RC -- I usually appreciate and often learn from your many posts and insightful thread starters, but I find this comment entirely at odds with the many posts I've read from Dockhead over the years. If anything, humility & learning seem to be his overriding mantras, to the point when I remember being surprised upon learning one day how extensive his sailing resumè really was. In my observation anyway, DH 's m.o. seems to often invoke the old saying about how it's better to risk looking stupid on occasion and learn, than try and always look smart & stay stupid forever.

FWIW, I also have some background in this general area, and my casual observation is that you & DH actually agree more on the interpretation, application & enforcement of the Colregs than your back & forth suggests. When it comes to legalese, it's often more a problem of vocabulary & nomenclature than a problem understanding the deeper concepts. Terms such as "law," "rule," or "guideline," for example, often only compound the confusion depending on how one might define or intepret such terms that might otherwise seem pretty basic to a layman. And then, of course, they can take on different meanings depending on the application. Sorta like my ongoing dysfunction with most matters electrical & certainly SSB radio-related -- I just can't seem to get past the language . . . .

For example, DH says the Colregs are the "law"; you say they are not the "law" until adopted by signatory states; but they have been adopted by all states (other than W. Sahara apparently); so they do in fact have the force of law (if you will) in all those signatory states. But this step only gets you so far . . . .

For e.g., if a signatory state adopts civil or criminal penalties to enforce the Colregs, then only such signatory states -- through its administrative and/or law enforcement agencies -- can bring enforcement actions against violators.

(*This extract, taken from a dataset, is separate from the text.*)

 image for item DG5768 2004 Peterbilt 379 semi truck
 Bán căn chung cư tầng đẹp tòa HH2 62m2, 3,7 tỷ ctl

Then again, and totally apart from actions brought by a state to directly enforce a violation of the Colregs, a state may also bring a criminal prosecution for criminal negligence or malfeasance, and may utilize the Colregs to demonstrate that a criminal defendant has violated a universally accepted standard of care. Here the state is seeking a conviction for a completely separate criminal offense defined under the common law or by statute (depending on jurisdiction), and is not attempting to prove a breach of the Colregs themselves (although that would invariably follow). This should not be confused with the example above which, whether it seeks to enforce/punish using civil or criminal penalties, is more akin to an administrative action. Sorta like, at least here in the U.S., how DWI/DUI is handled. The state can bring an administrative action to revoke or supend a driver's license based on a violation of the motor vehicle code (administrative set of regs.), but may also bring, if warranted, a separate criminal prosecution for a violation of the Criminal Code (state statute).

Finally, a private party may bring a civil action against another private party to recover money damages. An example is the case I cited earlier in the thread about the sailor who was run down from behind by a commercial ship. Again, proving a specific violation of the Colregs is only evidence (if you will) of what must ultimately be proved to impose liability, namely a breach of a duty of care in navigable waters, i.e. negligence. Here again the Colregs are used merely to help establish what that standard actually is and not necessarily to prove that the Colregs were in fact violated (although again, that would likely follow).

Again, your postings suggest, to me anyway, that this is all fairly well understood, but perhaps this will help further clarify. Although I have a general background, I'm certainly no legal expert in this specific area. So feel free to correct anything that seems awry. And if you don't, I'm sure DH will!